Amanda Hall is now $1 million closer to helping Canada reach its net-zero goals.
Today, Hall, founder and CEO of Calgary-based startup Summit Nanotech, was declared the winner of the Women in Cleantech Challenge, a competition that tasked six first-time women entrepreneurs with scaling their startups over the course of more than three years. Hall accepted the $1-million prize virtually from Canadian author and fellow entrepreneur Margaret Atwood.
“This has been the professional fight of my life,” Hall said. “It is critically important for women to speak up when battling climate change, because the world is worth fighting for.
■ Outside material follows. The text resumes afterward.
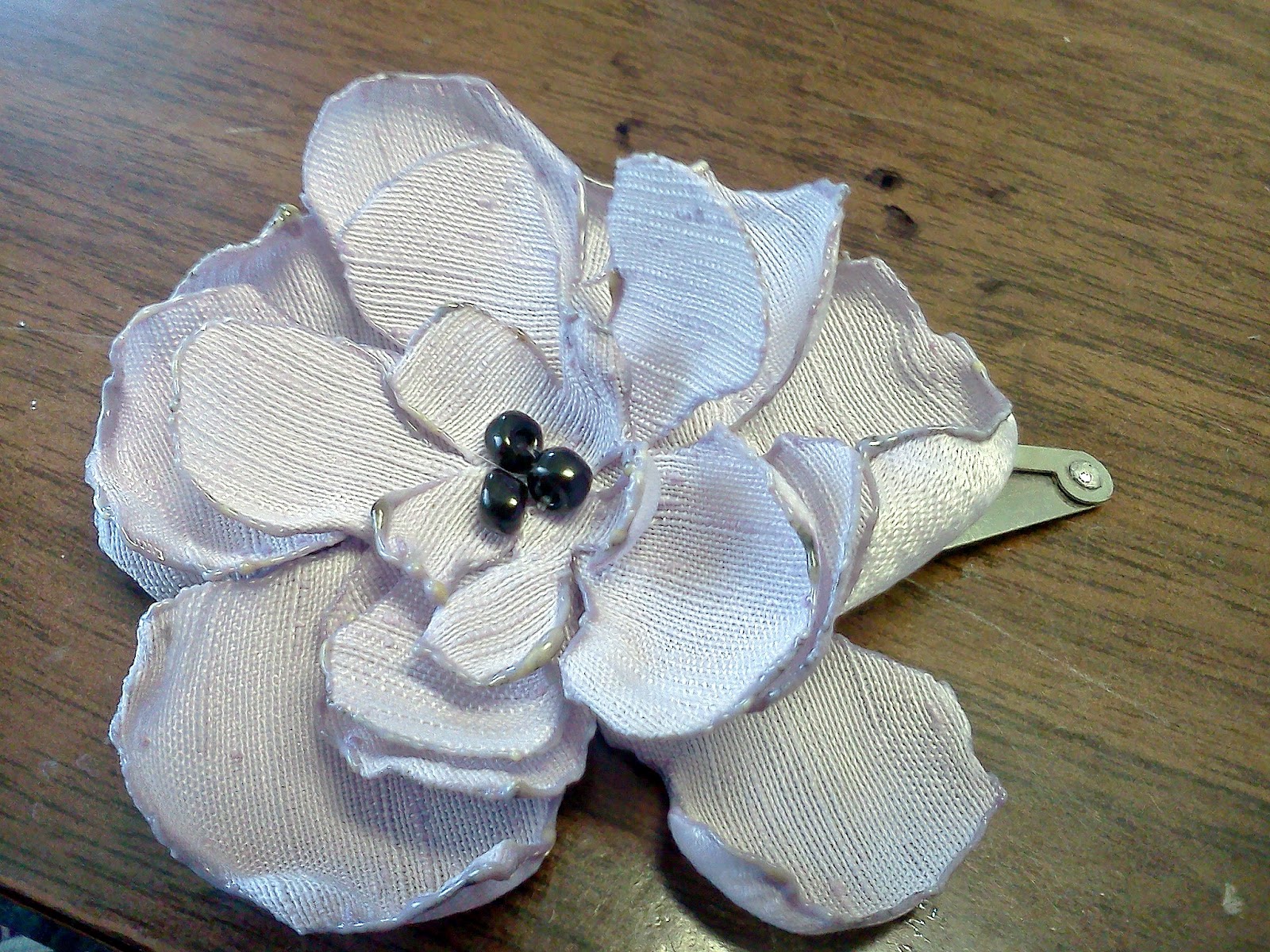 Layered Flower Hair Clips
This is an amazing opportunity for me to represent Canada’s women entrepreneurs.”
A geophysicist by training, Hall started Summit Nanotech on the back of her clean and affordable lithium-extraction technologies, which generate considerably less waste than traditional methods. If properly supported and scaled, these innovations, according to the challenge judges, have the potential to revolutionize both the mining and energy-storage industry.
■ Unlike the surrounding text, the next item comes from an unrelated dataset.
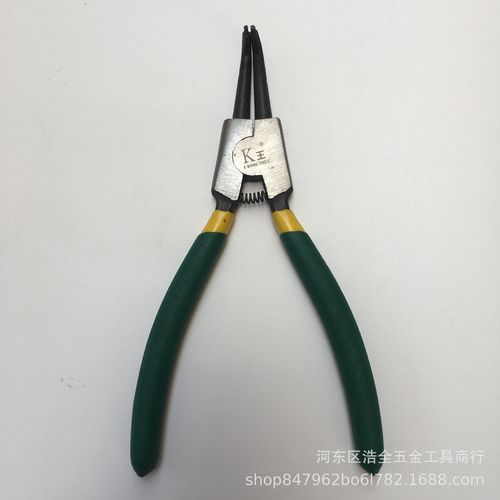厂家供应外卡内卡弯头轴用7寸挡圈卡簧钳弹簧安装拆卸夹持类工具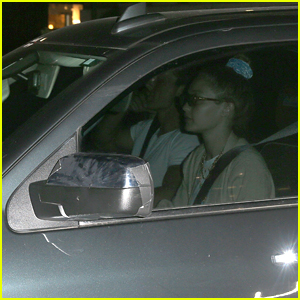 Gigi Hadid Drives Around Town with Tyler Cameron in the Passenger Seat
Over the past three years, Hall and her team grew from strength to strength, receiving attention and praise from MaRS stakeholders, as well international cleantech experts. “It’s my pleasure to congratulate grand-prize winner, Amanda Hall,” said MaRS CEO Yung Wu in a statement. “The Women in Cleantech Challenge was designed to help mitigate the gender imbalance in entrepreneurship, and Amanda’s work puts Canada’s climate innovation economy at the forefront at a time when we need it most.”
And the numbers tell her story: Since 2018, Summit Nanotech has secured a U.S.$10-million Series A financing round, grew from one to 16 employees, filed three patents, and launched a multi-client pilot program in Chile. The venture has also won six industry awards, including the Solar Impulse Efficiency Label.
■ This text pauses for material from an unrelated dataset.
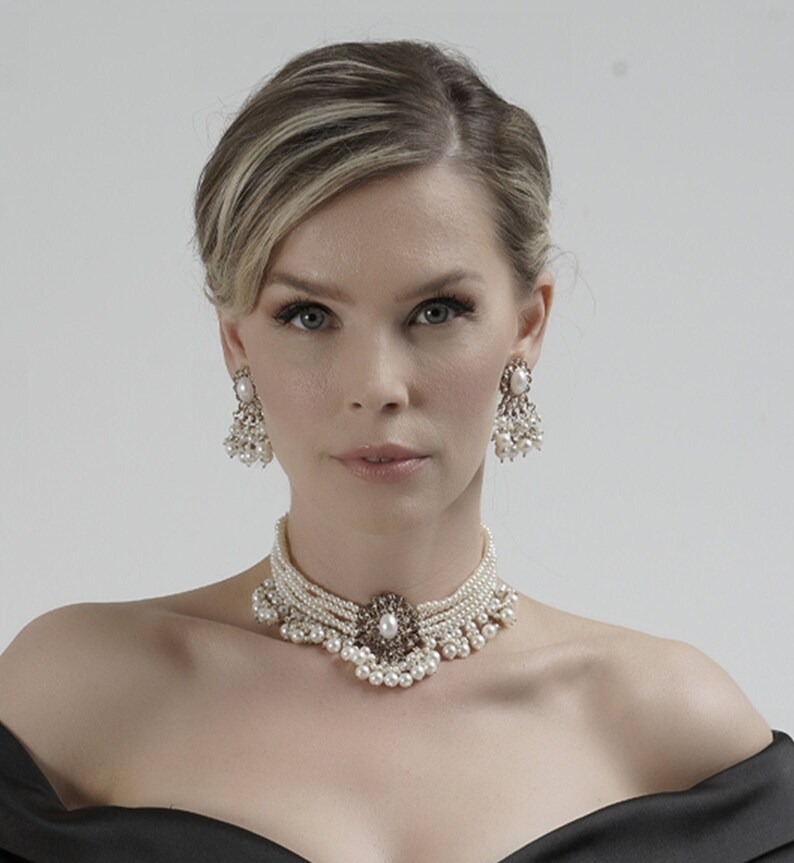 ivory pearl wedding jewelry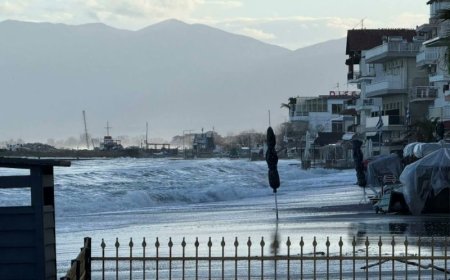 Κατερίνη κακοκαιρία: Αίτημα του δήμου να κηρυχθεί σε κατάσταση έκτακτης ανάγκης μετά τη θαλάσσια υπερχείλιση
Also lauded at the finale were the challenge’s five other finalists — women from across the country advancing everything from autonomous boats and cleaning materials, to nanofilms, green hydrogen and plastic created from food waste. Collectively, the finalists raised more than $52 million in investment, with hires reaching roughly 85 workers.
These metrics further push the argument that women-led companies, as well as diverse companies in general, make more money and foster greater employee satisfaction. A striking fact when you realize that, according to a recent MaRS report, women represent only 10 percent of Canadian cleantech founders, and only 16 percent SME owners.
The Women in Cleantech Challenge has been so successful that partners RBC and the Government of Canada have already launched the Women in Cleantech Accelerator, a yearly program that hopes to help cohort after cohort grow their startups and nurture the environment.
“It’s not usual to see such consistent progress from entrepreneurs building deeply technical companies,” says Jane Kearns, vice president of Growth Services at MaRS. “I have mentored hundreds of companies, and these six are incredible.”
Hall, for her part, has no time for self-congratulations. As a former veteran of Alberta’s oil-and-gas sector, she was explicit with MaRS evaluators from Day 1: “I need to leave a legacy that my children can be proud of.” Hall plans to immediately reinvest the $1 million into the high-risk, high-reward project of migrating her existing technology into the Canadian brine space, taking lithium out of depleted wells and generating homegrown jobs.
“My children don’t care if their mom drills oil wells,” Hall says. “But they do care that she’s making an impact in the global space of lithium extraction.”